Part of how you comprehend it is determined by whether you look at this poem in isolation, or whether you see it as part a group by including the poem before it and after it. In this case there is a logic, in the titles, which flows: "A Lament", "Dirge" and "Epitaph". It may be that an editor put the three together because there is a logic in doing so, even though the three pieces can stand alone. I don't know if that was the writer's original intention. As he was obsessed by death he could have written any of them at different times as separate poems, or he could have intended them to form a set. I don't know what the writer intended, and of course we can't ask him.
If you look at it as one in a group of three poems, then this one ,"Dirge", is also about the maiden who has died in the previous poem "A Lament". However, if you see them as stand alone pieces, in this poem "Dirge" you have the problem of who "you" and "your" relate to in the poem. They could mean "you" in a general sense where you are the reader reading of events to which you personally are not connected, or it could mean "you" directly as the reader as if you are involved and you are the one carrying out the actions. The final meaning could be "you" in the sense of his beloved, and it is his heart that has been broken and has been buried. But as I said for these multiple interpretations to work the poem has to be a stand alone one.

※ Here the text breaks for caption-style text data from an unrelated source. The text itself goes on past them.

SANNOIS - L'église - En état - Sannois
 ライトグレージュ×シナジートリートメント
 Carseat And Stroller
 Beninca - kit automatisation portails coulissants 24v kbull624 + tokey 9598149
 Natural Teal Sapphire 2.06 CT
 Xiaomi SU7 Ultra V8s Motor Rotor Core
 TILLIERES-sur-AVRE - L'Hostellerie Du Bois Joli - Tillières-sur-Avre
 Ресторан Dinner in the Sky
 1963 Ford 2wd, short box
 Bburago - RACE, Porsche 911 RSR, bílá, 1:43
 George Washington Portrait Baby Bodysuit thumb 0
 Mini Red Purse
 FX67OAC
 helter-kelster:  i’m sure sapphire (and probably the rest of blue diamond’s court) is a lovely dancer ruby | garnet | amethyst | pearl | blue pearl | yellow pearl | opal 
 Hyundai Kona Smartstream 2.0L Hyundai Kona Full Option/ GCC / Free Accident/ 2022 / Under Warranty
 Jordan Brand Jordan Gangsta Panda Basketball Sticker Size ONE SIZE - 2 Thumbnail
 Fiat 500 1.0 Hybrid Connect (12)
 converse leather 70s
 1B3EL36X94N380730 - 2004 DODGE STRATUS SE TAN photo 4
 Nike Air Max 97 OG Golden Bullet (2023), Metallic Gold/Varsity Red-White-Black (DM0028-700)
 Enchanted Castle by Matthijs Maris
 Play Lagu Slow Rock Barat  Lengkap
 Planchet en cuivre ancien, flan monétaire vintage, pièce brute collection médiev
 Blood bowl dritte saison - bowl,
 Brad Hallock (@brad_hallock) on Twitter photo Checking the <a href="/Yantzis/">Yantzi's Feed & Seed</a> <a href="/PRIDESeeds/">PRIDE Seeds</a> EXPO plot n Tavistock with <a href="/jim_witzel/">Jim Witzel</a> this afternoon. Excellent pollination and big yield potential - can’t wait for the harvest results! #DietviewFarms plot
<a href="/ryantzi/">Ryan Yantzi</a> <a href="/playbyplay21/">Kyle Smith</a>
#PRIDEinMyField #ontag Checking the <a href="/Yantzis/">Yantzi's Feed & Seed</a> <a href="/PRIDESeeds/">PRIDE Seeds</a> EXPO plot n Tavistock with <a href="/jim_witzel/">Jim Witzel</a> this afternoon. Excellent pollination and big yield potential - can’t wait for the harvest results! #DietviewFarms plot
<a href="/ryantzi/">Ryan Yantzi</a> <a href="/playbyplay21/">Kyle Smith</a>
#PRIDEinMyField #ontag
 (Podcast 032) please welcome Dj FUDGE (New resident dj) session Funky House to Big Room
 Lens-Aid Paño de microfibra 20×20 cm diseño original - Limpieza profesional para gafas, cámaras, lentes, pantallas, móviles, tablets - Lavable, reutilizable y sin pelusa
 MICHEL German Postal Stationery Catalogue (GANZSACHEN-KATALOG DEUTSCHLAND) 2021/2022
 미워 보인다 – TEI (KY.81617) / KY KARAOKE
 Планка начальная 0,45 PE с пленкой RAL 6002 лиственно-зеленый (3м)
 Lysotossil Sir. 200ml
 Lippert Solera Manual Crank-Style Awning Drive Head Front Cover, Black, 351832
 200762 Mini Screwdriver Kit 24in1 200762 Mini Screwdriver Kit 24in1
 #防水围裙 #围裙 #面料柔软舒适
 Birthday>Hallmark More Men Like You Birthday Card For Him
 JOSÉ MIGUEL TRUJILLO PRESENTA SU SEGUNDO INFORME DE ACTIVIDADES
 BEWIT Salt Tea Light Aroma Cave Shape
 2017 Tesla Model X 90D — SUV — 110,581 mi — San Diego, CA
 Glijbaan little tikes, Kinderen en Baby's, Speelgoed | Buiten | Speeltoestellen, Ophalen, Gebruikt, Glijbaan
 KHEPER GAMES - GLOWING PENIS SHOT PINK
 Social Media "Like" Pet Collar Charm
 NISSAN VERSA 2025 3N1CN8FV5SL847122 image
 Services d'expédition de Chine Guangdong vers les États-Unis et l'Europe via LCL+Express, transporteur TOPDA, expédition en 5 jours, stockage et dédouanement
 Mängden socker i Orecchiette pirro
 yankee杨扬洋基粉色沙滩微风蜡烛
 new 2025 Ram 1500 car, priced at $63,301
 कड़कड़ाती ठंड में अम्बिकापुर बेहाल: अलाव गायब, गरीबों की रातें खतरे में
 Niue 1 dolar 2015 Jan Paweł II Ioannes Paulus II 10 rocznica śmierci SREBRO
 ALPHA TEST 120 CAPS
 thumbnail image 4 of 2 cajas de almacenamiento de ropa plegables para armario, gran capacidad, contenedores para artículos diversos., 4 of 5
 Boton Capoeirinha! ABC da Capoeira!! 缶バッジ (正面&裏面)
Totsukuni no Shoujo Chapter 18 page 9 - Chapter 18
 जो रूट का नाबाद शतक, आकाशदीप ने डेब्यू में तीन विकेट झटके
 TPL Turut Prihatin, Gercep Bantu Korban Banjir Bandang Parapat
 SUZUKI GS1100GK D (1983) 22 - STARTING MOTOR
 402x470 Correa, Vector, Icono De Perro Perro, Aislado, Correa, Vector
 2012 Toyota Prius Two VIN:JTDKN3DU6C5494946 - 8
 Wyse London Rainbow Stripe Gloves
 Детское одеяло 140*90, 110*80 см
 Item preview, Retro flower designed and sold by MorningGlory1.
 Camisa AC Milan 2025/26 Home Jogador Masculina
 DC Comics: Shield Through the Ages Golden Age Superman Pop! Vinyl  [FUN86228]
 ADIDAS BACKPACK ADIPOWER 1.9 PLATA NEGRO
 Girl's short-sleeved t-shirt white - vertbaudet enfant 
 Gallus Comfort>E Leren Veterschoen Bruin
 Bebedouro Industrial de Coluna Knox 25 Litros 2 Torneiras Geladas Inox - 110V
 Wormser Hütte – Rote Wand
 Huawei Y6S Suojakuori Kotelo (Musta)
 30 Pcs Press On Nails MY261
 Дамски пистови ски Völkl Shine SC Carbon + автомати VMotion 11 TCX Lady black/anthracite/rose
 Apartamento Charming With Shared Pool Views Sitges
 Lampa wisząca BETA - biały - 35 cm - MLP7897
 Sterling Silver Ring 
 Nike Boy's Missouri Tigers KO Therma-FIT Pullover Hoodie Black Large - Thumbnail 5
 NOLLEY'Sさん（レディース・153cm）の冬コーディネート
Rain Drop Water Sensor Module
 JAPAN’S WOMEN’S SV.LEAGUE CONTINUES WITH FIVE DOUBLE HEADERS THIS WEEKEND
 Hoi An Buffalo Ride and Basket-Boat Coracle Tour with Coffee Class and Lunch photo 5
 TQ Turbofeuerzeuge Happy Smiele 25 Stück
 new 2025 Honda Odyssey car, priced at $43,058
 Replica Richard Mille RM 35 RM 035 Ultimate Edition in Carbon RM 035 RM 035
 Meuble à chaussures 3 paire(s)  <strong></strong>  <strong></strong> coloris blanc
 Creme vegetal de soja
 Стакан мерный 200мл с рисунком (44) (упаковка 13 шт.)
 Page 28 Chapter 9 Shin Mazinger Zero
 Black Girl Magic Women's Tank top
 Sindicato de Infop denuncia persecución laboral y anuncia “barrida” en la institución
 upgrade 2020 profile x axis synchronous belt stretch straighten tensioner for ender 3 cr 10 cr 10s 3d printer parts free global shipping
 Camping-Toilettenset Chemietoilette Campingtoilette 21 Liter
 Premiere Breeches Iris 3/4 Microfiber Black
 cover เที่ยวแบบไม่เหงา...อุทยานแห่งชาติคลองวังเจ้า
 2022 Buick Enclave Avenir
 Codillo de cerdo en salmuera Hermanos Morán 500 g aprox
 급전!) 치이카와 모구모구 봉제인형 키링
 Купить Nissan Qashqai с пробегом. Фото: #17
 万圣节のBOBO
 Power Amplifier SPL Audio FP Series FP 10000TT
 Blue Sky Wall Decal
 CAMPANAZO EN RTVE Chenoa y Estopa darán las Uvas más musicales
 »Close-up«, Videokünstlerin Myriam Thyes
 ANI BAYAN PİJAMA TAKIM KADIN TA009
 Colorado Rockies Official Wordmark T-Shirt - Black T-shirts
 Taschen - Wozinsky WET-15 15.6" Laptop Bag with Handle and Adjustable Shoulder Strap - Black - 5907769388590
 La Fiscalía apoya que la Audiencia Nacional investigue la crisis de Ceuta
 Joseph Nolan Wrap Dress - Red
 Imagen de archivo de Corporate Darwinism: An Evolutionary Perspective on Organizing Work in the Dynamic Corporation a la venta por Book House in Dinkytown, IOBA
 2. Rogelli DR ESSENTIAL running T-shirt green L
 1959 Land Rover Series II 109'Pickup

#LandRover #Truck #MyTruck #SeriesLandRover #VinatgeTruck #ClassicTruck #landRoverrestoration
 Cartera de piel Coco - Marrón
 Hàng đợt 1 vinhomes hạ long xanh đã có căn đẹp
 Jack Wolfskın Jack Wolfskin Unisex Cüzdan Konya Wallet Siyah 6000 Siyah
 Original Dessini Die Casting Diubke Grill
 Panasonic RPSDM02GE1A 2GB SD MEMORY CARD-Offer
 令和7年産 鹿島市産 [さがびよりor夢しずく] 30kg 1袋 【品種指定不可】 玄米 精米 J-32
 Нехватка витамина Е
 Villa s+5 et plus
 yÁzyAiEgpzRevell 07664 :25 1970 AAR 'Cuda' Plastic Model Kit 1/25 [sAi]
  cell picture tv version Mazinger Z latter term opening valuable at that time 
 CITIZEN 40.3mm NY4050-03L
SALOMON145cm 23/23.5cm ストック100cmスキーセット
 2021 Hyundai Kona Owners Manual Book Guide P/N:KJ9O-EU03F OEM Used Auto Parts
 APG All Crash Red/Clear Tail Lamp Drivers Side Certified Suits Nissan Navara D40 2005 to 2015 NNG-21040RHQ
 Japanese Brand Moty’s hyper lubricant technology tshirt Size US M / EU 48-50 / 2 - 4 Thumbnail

There is nothing in the poem to suggest that the maiden committed suicide, or even from the previous poem. But there is also nothing to say that she hasn't. You could take it that she has simply died of a broken heart (as a true Romantic!), or as you suggest from suicide. As I said previously, in this poem it could be his heart that was broken and is buried. It is one of those pieces where you have to decide what you feel or think about it, and your interpretation will be as valid as mine.
I would be interested to know your thoughts on this work.